At one month of pregnancy, there isn’t much to see from the outside. Your body looks the same as it did before, and the embryo itself is practically microscopic, roughly the size of a kiwi fruit seed. But beneath the surface, rapid and critical development is already underway, and your body may be sending its first subtle signals that something has changed.
How the First Month Is Counted
The first month of pregnancy doesn’t start when you think it does. Pregnancy is dated from the first day of your last menstrual period, not from conception. That means week one of pregnancy is actually your period, and conception typically happens around week two. By the time you miss your next period, you’re already considered about four weeks pregnant, even though the embryo has only existed for roughly two weeks.
This dating method catches many people off guard. A positive home pregnancy test usually comes right around the four-week mark, which means the “first month” is nearly over by the time most people learn they’re pregnant at all.

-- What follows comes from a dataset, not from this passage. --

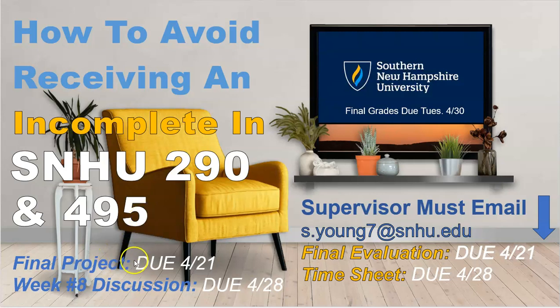So, as you see here, for this week — week number seven — we have the final project that is due on Sunday the 21st. Be sure that you are following the guidelines and expectations for the final reflection, whether you're doing a paper or a PowerPoint. Be sure that you are addressing all of those critical elements, as they call them, in the guidelines for the final project. And then we also have the final evaluation that is due this Sunday, April 21st.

What the Embryo Looks Like
At four weeks, the embryo is too small to see without magnification. It measures a fraction of a millimeter and looks nothing like a baby. At this stage, it’s a ball of rapidly dividing cells that has burrowed into the lining of your uterus, a process called implantation. The structure is organizing itself into layers that will eventually become different body systems, but right now it’s a flat disc of tissue, not a recognizable shape.
A gestational sac, the fluid-filled pocket that surrounds the embryo, becomes visible on a transvaginal ultrasound around weeks four to five. But the embryo itself is too tiny to distinguish at this point. If you had an ultrasound at the end of month one, you’d likely see only a small dark circle on the screen, if anything shows up at all.
By the start of week five, just crossing into month two, things accelerate dramatically. The neural tube, which becomes the brain and spinal cord, folds and closes during weeks three and four. A primitive heart tube forms and begins to pulse around 110 times per minute by the end of week five. These milestones happen before most people have even scheduled their first prenatal visit.
What Your Body Feels Like
Most people feel nothing unusual during the first month. The hormonal shifts are real but still building, so physical symptoms are mild or absent entirely. The most common first clue is simply a missed period.
Some people do notice earlier signs. Light spotting, sometimes called implantation bleeding, can occur five to 14 days after fertilization when the embryo attaches to the uterine lining. It’s typically much lighter than a normal period and doesn’t last long. Not everyone experiences it, and it’s easy to mistake for an unusually light period arriving on schedule.
Other early symptoms that can appear toward the end of the first month include breast tenderness, mild fatigue, bloating, and nausea, though full-blown morning sickness usually ramps up in the weeks that follow. Your body is producing a hormone called hCG, which is what pregnancy tests detect. At four weeks, blood levels of hCG range from 0 to 750 units per liter, a wide range that varies enormously from person to person.
Why So Many Pregnancies End in This Window
A significant number of pregnancies end during the first month without the person ever knowing they were pregnant. These very early losses, called chemical pregnancies, occur within the first five weeks before anything is visible on ultrasound. About 25% of all pregnancies end within the first 20 weeks, and roughly 80% of those losses happen early. The true number of chemical pregnancies is likely higher, since many people miscarry before taking a test or noticing a missed period.
A chemical pregnancy can look like a normal or slightly late period with heavier-than-usual bleeding. Someone who tested early might get a faint positive result followed by a negative test and their period arriving. There’s rarely anything that caused the loss or anything that could have prevented it. Most are due to chromosomal issues in the embryo that make further development impossible.
What Matters Most at This Stage
Because the neural tube forms so early, folic acid is the single most important nutrient during this window. The CDC recommends 400 micrograms daily for anyone who could become pregnant, ideally starting before conception. The neural tube closes during weeks three and four, often before a positive test, which is why the recommendation targets people who might become pregnant rather than those who already know they are. For anyone who has had a previous pregnancy affected by a neural tube defect, the recommended dose is much higher at 4,000 micrograms daily, starting at least one month before trying to conceive.
Beyond folic acid, the first month is largely about the basics: staying nourished, staying hydrated, and avoiding known risks like alcohol and tobacco. There’s no special diet or regimen required. Your body is doing complex work at a cellular level, but it doesn’t need much help from you yet. The most useful thing you can do is confirm the pregnancy with a test once your period is late and schedule a first prenatal appointment, which most providers will set for around week eight.